Word for word, restate the lines of the listing below from the line with "Recambio de maneta" through the line with "FER y AMBIENVASES", and do not include the pictures.

### Data for the task:
****************************************

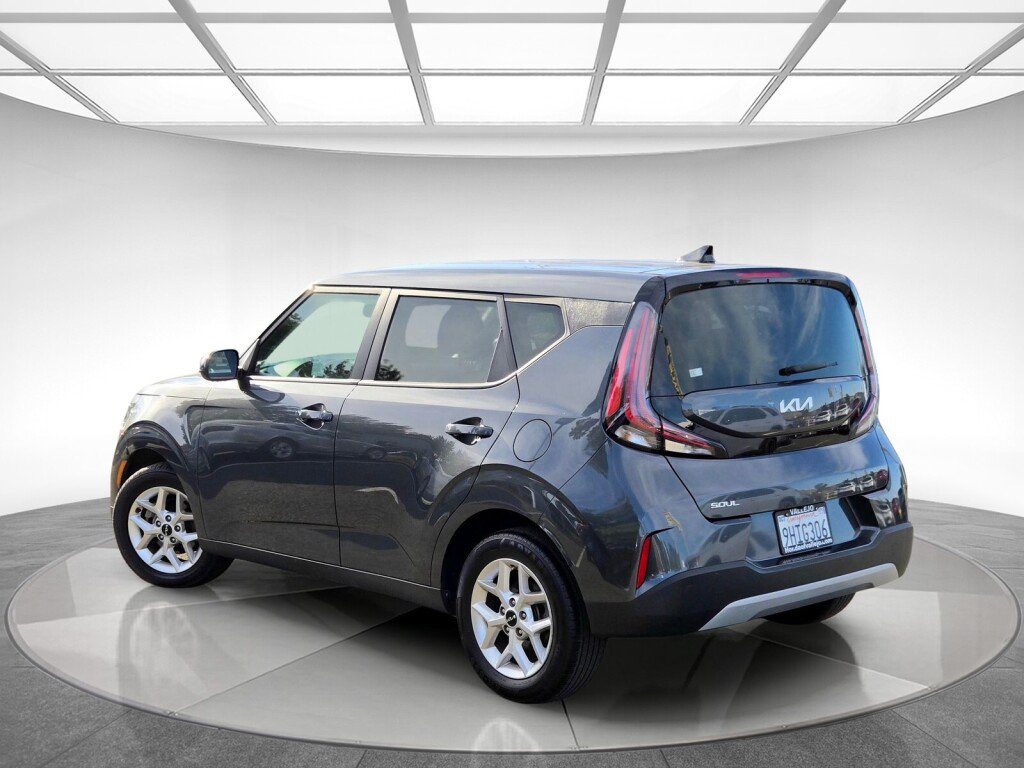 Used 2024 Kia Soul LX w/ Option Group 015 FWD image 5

****************************************

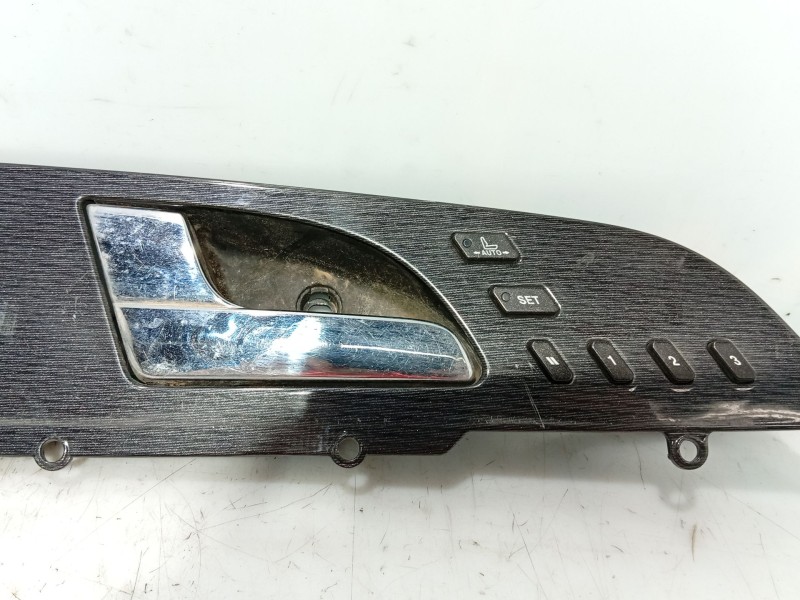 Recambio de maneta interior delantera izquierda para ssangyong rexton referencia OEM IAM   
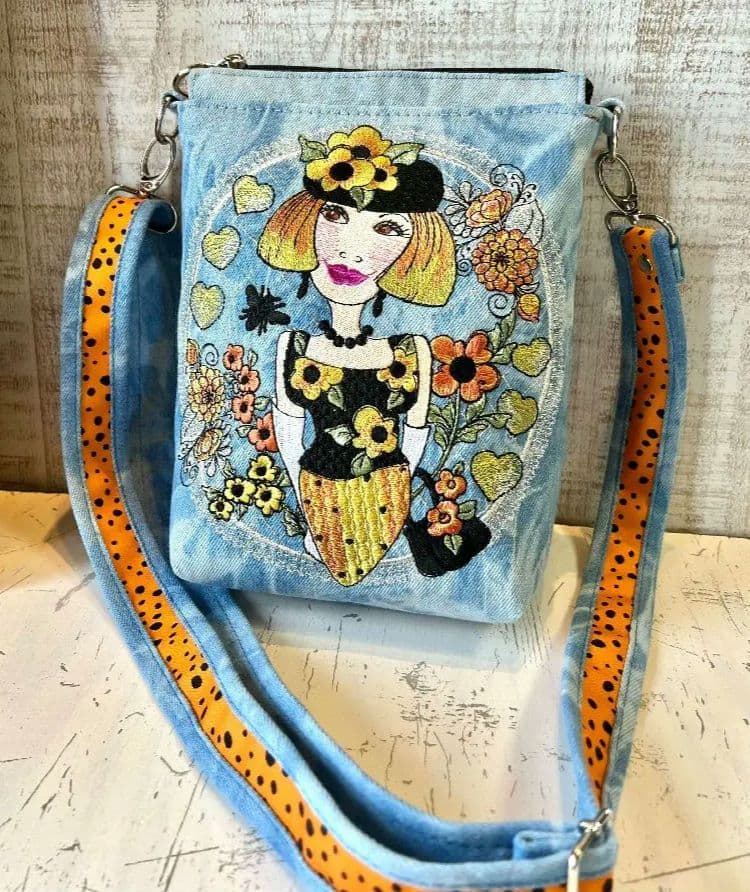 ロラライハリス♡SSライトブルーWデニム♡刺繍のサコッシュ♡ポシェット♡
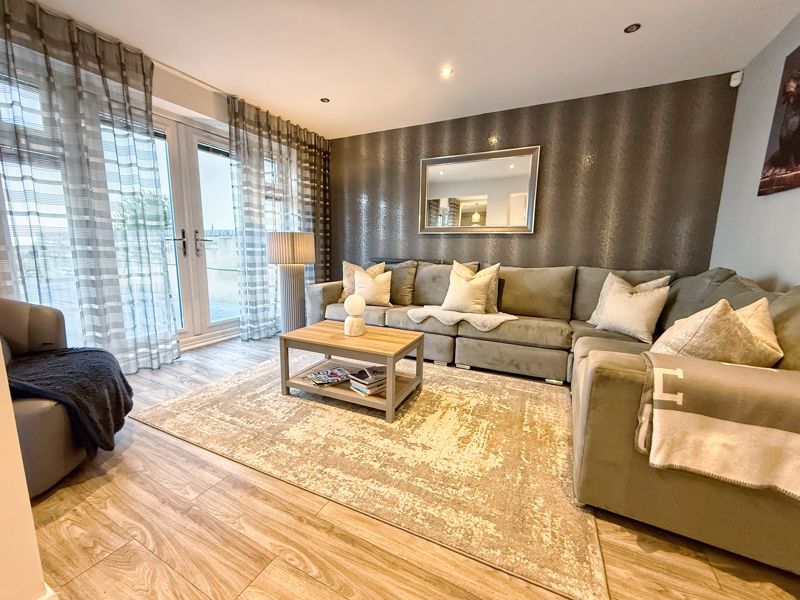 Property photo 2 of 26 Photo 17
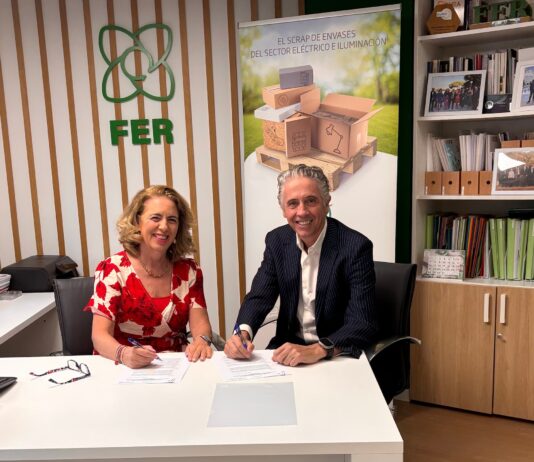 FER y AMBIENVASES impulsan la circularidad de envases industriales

****************************************

### Written reply:
 Recambio de maneta interior delantera izquierda para ssangyong rexton referencia OEM IAM   
 ロラライハリス♡SSライトブルーWデニム♡刺繍のサコッシュ♡ポシェット♡
 Property photo 2 of 26 Photo 17
 FER y AMBIENVASES impulsan la circularidad de envases industriales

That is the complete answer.